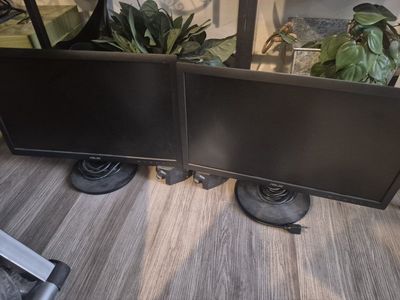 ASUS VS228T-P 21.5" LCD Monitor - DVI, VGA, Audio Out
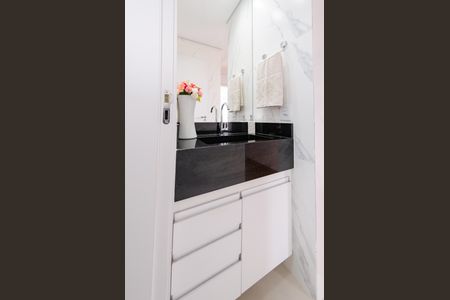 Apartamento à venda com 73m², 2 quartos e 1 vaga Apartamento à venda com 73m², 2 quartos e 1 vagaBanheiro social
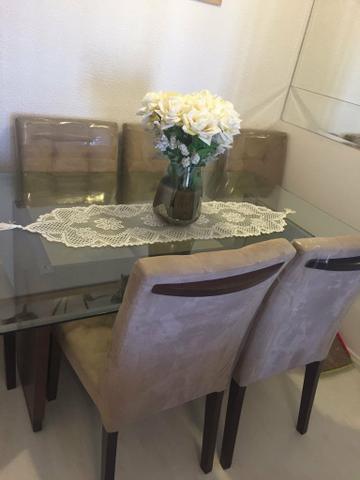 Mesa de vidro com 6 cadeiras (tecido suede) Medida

━━━━━━

Output the listing above exactly, but leave its pictures behind.

 ASUS VS228T-P 21.5" LCD Monitor - DVI, VGA, Audio Out
 Apartamento à venda com 73m², 2 quartos e 1 vaga Apartamento à venda com 73m², 2 quartos e 1 vagaBanheiro social
 Mesa de vidro com 6 cadeiras (tecido suede) Medida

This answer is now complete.